**What is required**
Output the line containing "[Free Shipping]Decorative Bra" and each line after it through the end of the data, exactly as written, with pictures left out.

**Data segment**
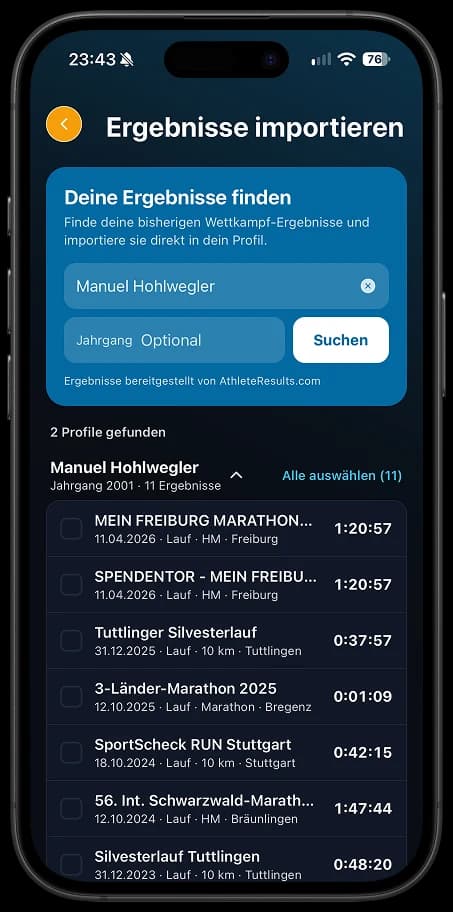 Competitions-App: Suche nach eigenen Ergebnissen bei AthleteResults mit Trefferliste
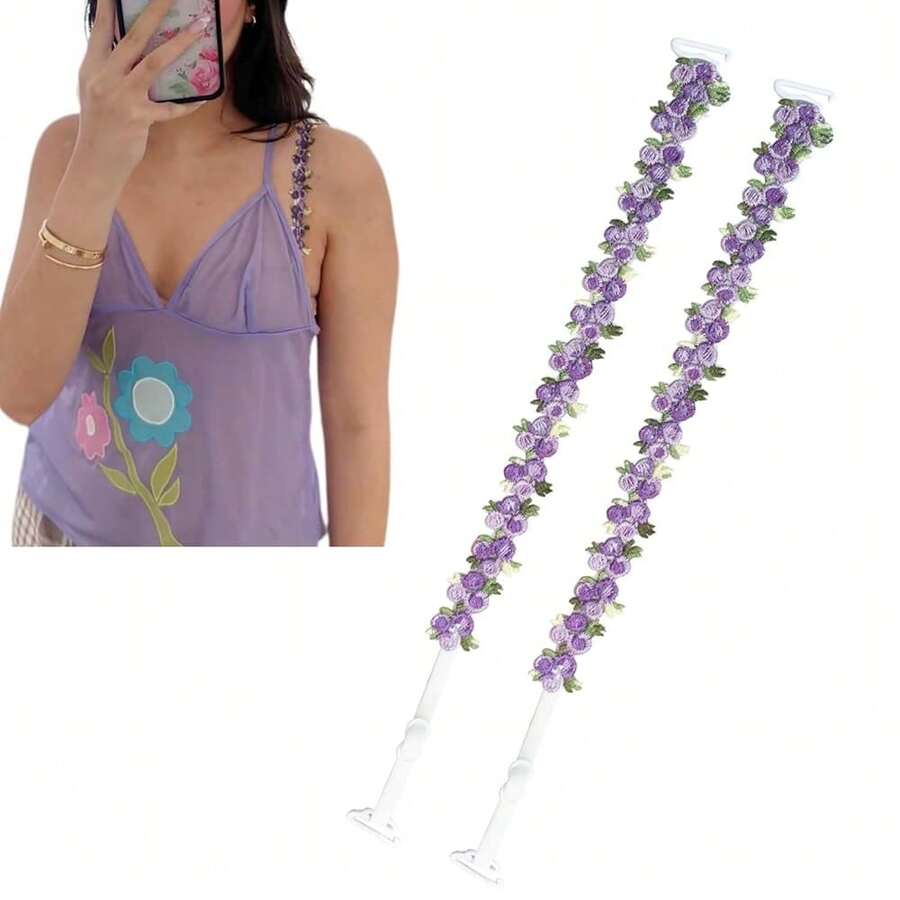 [Free Shipping]Decorative Bra Straps,Removable Invisible Floral Bra Straps Replacement For Bra,Shoulder Straps For Tops Dress - 紫色 - 查看 1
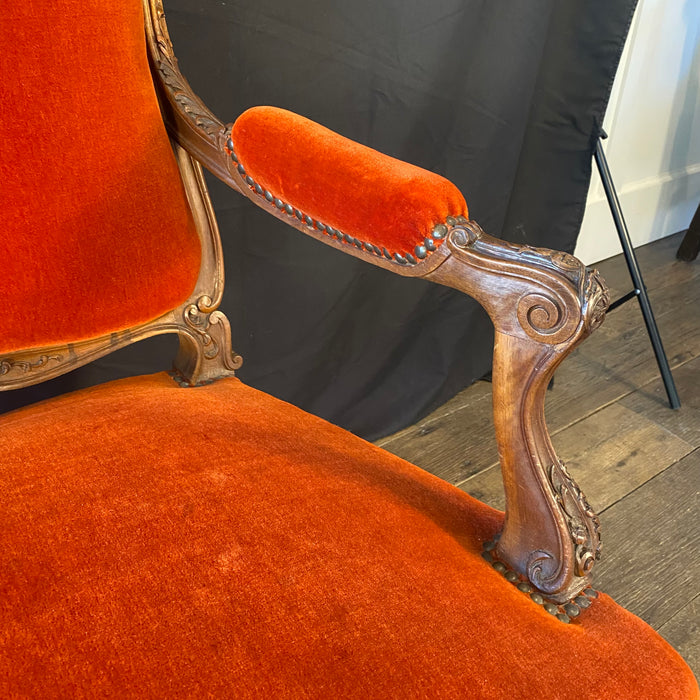 Pair of French Louis XV Intricately Carved Armchairs, Fauteuils or Parlor or Lounge Chairs with Original Fabulous Vermilion Red Mohair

**Solution**
 [Free Shipping]Decorative Bra Straps,Removable Invisible Floral Bra Straps Replacement For Bra,Shoulder Straps For Tops Dress - 紫色 - 查看 1
 Pair of French Louis XV Intricately Carved Armchairs, Fauteuils or Parlor or Lounge Chairs with Original Fabulous Vermilion Red Mohair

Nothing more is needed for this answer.